Problem description
Set down the data again exactly. Pictures are not part of the copy.

Start of Dataset excerpts

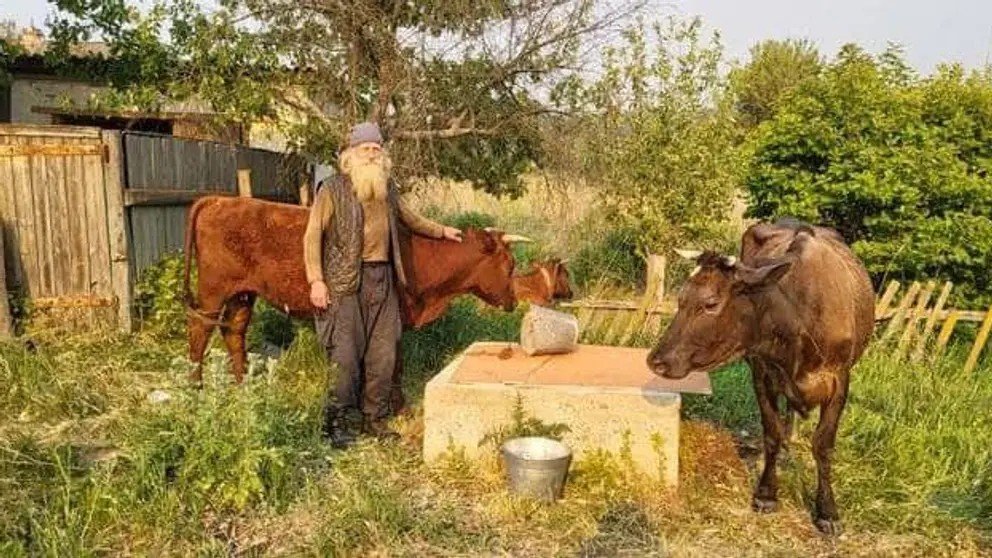 Activists help evacuate elderly man with cows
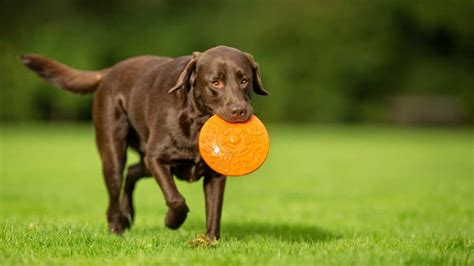  For example, an image of a Labrador playing with a ball may be perfect for a brochure promoting dog toys, while an image of a Labrador as a service animal may be ideal for a website promoting disability services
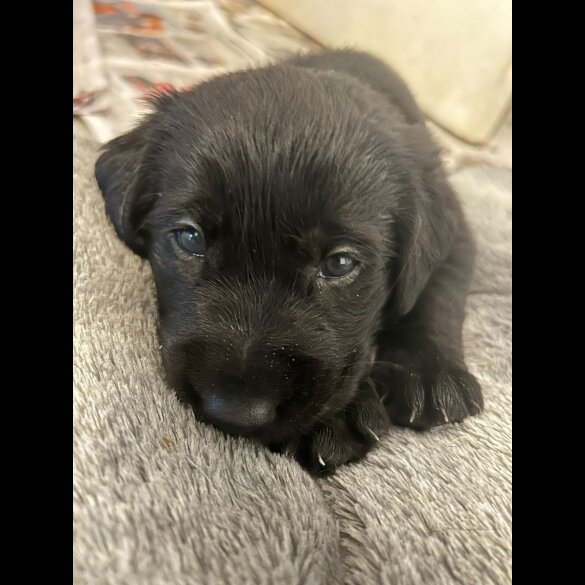 Labrador Retriever - Both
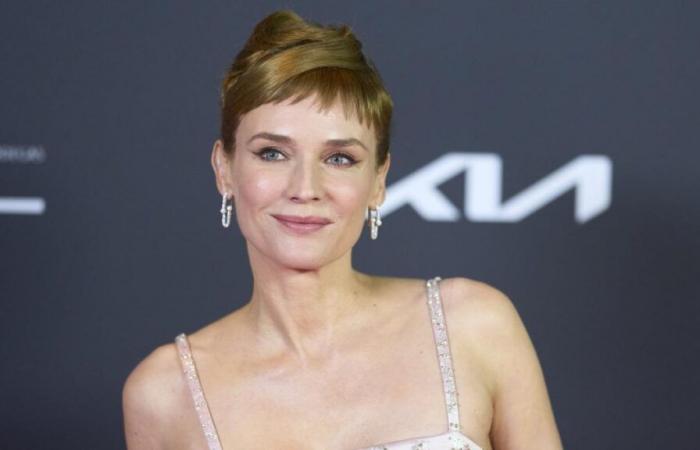 Diane Kruger poses in a completely transparent dress without a bra, the 48-year-old star is hotter than ever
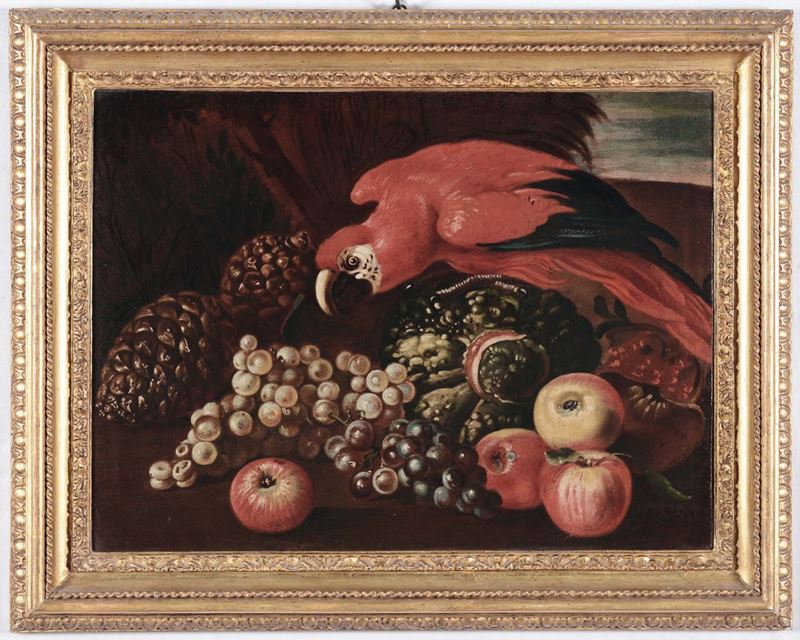 Scuola Romana del XVIII secolo Natura morta con pappagallo  - Asta Dipinti Antichi - II - Cambi Casa d'Aste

End of Dataset excerpts

Expected output
 Activists help evacuate elderly man with cows
  For example, an image of a Labrador playing with a ball may be perfect for a brochure promoting dog toys, while an image of a Labrador as a service animal may be ideal for a website promoting disability services
 Labrador Retriever - Both
 Diane Kruger poses in a completely transparent dress without a bra, the 48-year-old star is hotter than ever
 Scuola Romana del XVIII secolo Natura morta con pappagallo  - Asta Dipinti Antichi - II - Cambi Casa d'Aste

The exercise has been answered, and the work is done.